In a speech on the same day the commission released the decision, CRTC chairman Jean-Pierre Blais commented on the case and alluded to principle of Net neutrality, the idea that telecom providers should treat all content that flows through their networks equally.

"It may be tempting for large, vertically integrated companies to offer certain perks to their customers, and innovation in its purest form is to be applauded," Mr. Blais said at the time. "But when the impetus to innovate steps on the toes of the principle of fair and open access to content, we will intervene. We've got to keep the lanes of our bridges unobstructed so that everyone can cross."

The CRTC directed Bell to eliminate the pricing practice by April 29.

The court will only grant a leave to appeal on the basis of "a question of law or a question of jurisdiction," and Bell argued in its filing that the CRTC erred in law in basing its decision on the Telecommunications Act.

Bell said its mobile TV app – which attracted more than 1.5 million subscribers – is actually a broadcasting service and is therefore exempt from the provisions of the Telecom Act.

It said that when Bell Mobility provides its customers with access to other Internet-based video services it is simply acting as an Internet service provider and in that respect is governed by the Telecom Act.

In contrast, when it is operating Mobile TV, it said it is a broadcasting undertaking, noting, "Bell Mobility itself acquires, aggregates, packages and markets Bell Mobile TV content before retransmitting it to subscribers."

The company also argued the CRTC had no evidence that the app caused harm to customers and unfairly placed the burden on Bell to prove the pricing model had no adverse impact on competitive services.

Geoff White, counsel for the Public Interest Advocacy Centre, which was one of the groups that participated in the challenge to Bell's app, said in an e-mail Sunday the consumer advocacy group is reviewing the appeal.
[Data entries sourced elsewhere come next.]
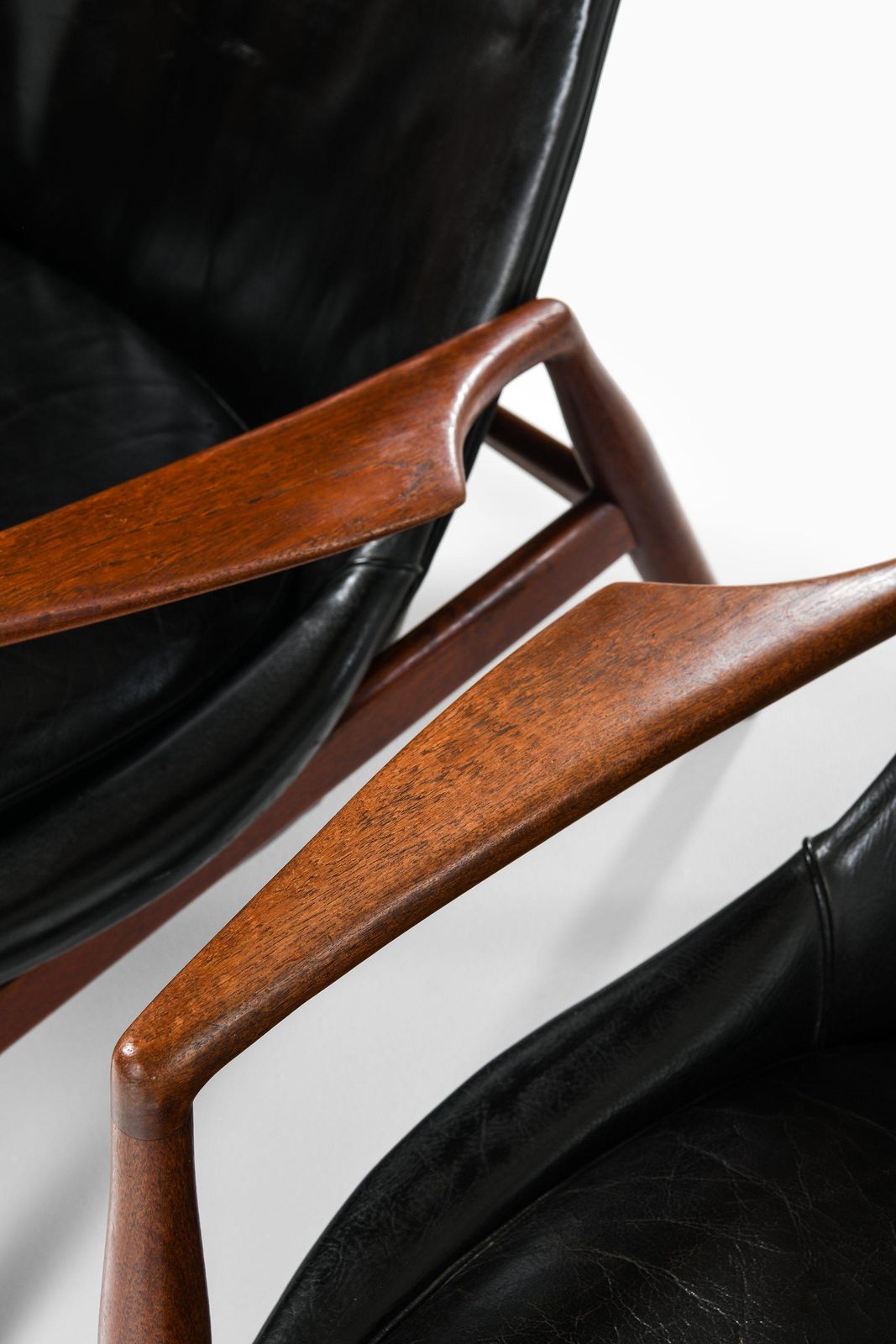 photo furniture Pair Of Easy Chairs In Teak And Original Black Leather By Ib Kofod Larsen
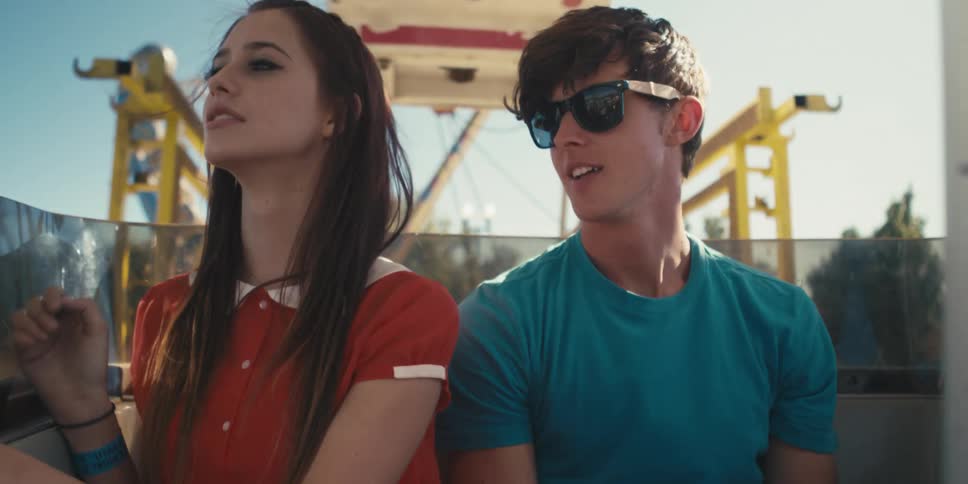 A young woman and man sit together in a carriage of a ferris wheel as it rises into the air during the day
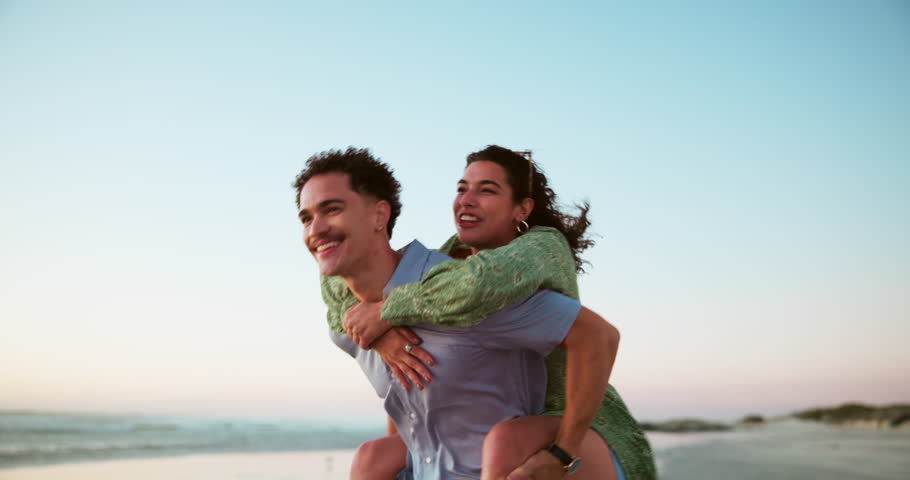 Sea, piggyback and couple on vacation, freedom and exploration in nature for romance, people or together. Outdoor, tourist and playful on date at beach, man and woman on holiday for tourism or travel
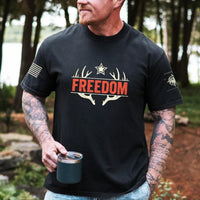 Thumbnail for May include person wearing a pepper Freedom unisex patriotic American liberty t-shirt with bold USA-inspired text design.
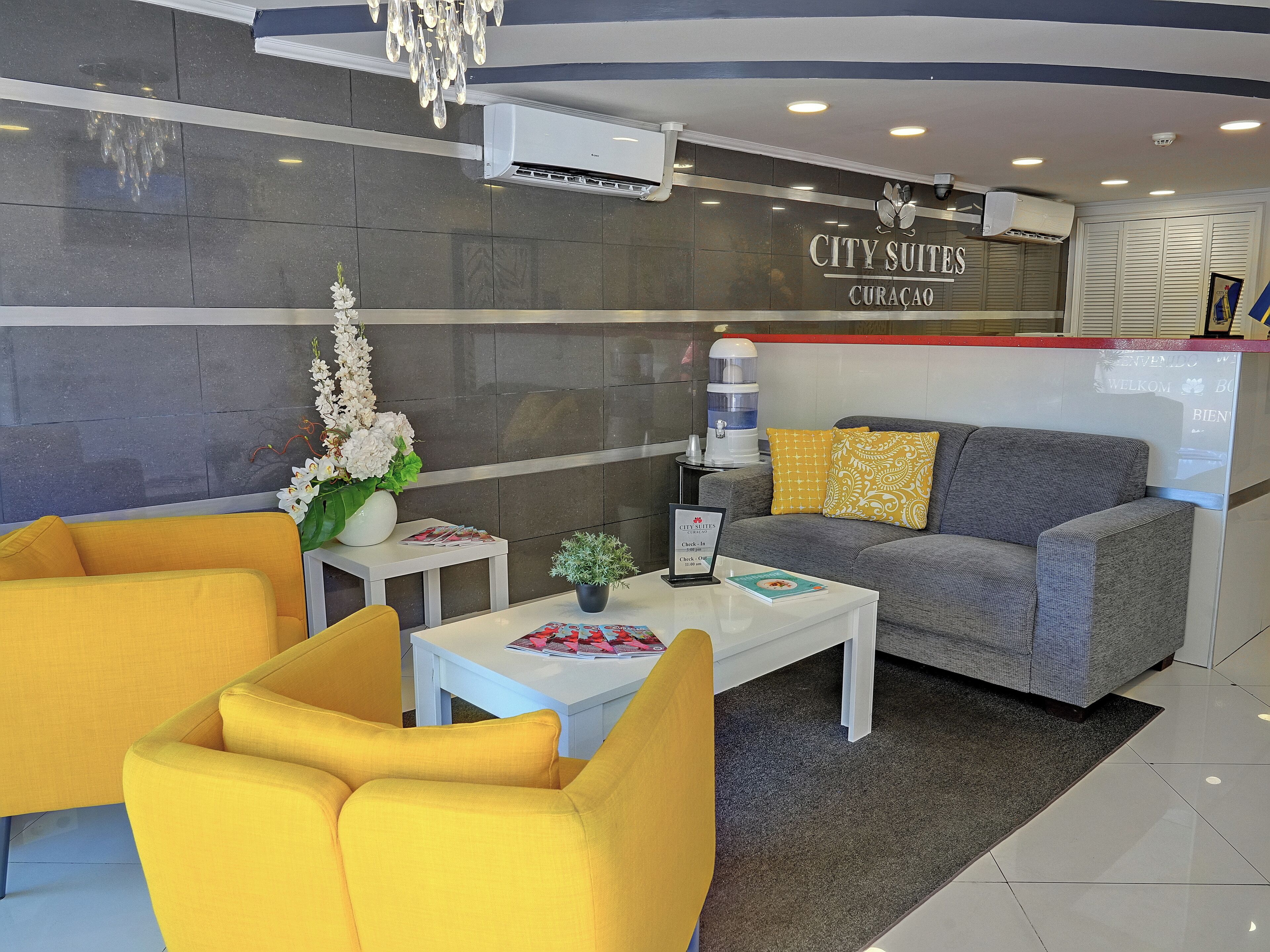 Un moderno vestíbulo de hotel con un sofá gris, sillones amarillos, una mesa de centro blanca y un mostrador de recepción.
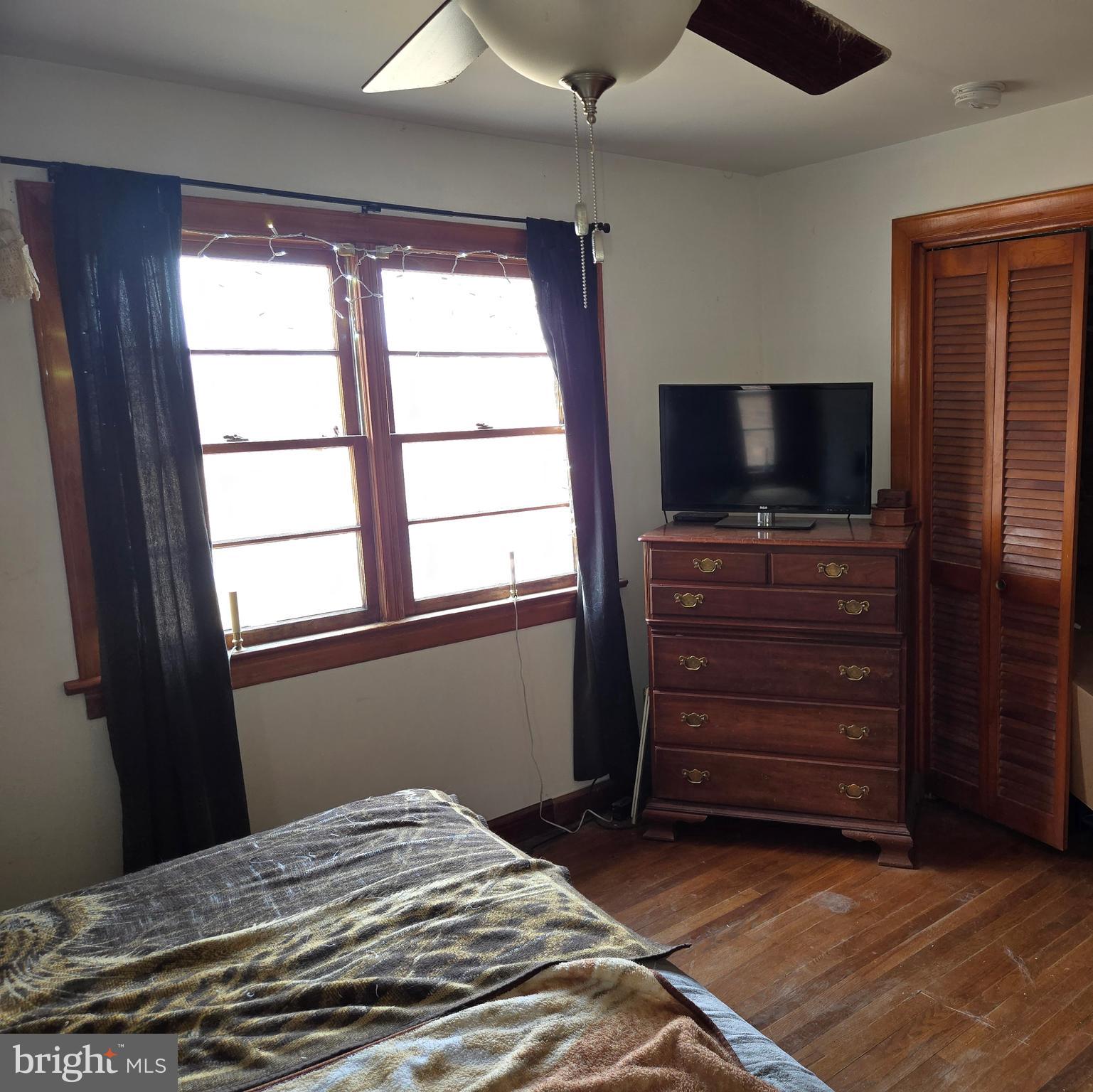 2996 Etlan Road Etlan, VA 22719 - Photo 10 of 24 a bedroom with a bed and a flat screen tv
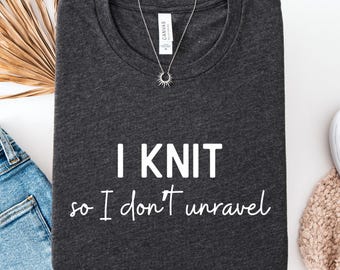 Op de afbeelding: Donkergrijs t-shirt met de witte tekst "I knit so I don't unravel". Een zilveren ketting met een zonnesterhanger ligt op het shirt. Het shirt is op een wit oppervlak gevouwen met een spijkerbroek.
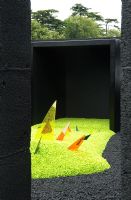 Gold medal Best Conceptual Garden Ecstasy in a Very Black Box represents feelings of constriction and release experienced by suffers of bipolar disorder. Design - Tony Smith - RHS Hampton Court Palace Flower Show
"The commission's decision to enforce the unjust discrimination rule in telecom law despite the telecom data in question having an aura of broadcasting was something obviously PIAC supported," Mr. White said.

"In the broader context this represents another instance where providers of telecom services who also own media assets are taking one view of the rules to favour the latter via the former, in a way that, beyond being unlawful in PIAC's view, harms competition by independent service providers," he added.

Bell spokesman Mark Langton said Sunday that the company will file materials Monday seeking a stay of the CRTC's decision pending the outcome of the leave to appeal application.

"‎We look to the CRTC to support Canadian broadcast innovations like Bell Mobile TV," Mr. Langton said, adding that the commission itself said the service was a broadcast undertaking "and should obviously regulate it that way."

The commission did conclude that the app was a broadcasting service but it went on to find the Telecom Act applied when the company used its wireless network to deliver the service.

The Montreal-based communications giant is also dealing with other recent regulatory challenges related to its media business.

Earlier this month, the company said it was "exploring" the possibility of a challenge to the CRTC's ruling banning the long-standing practice of substituting Canadian commercials for American ads during Super Bowls (beginning in 2017) as well as on specialty channels.

Bell Media currently has the Canadian Super Bowl rights and BCE's chief legal and regulatory officer Mirko Bibic sought a meeting with the commission over the decision but was publicly rebuffed.

The company has also filed a request for the CRTC to dismiss a challenge launched by PIAC over its CraveTV video streaming service.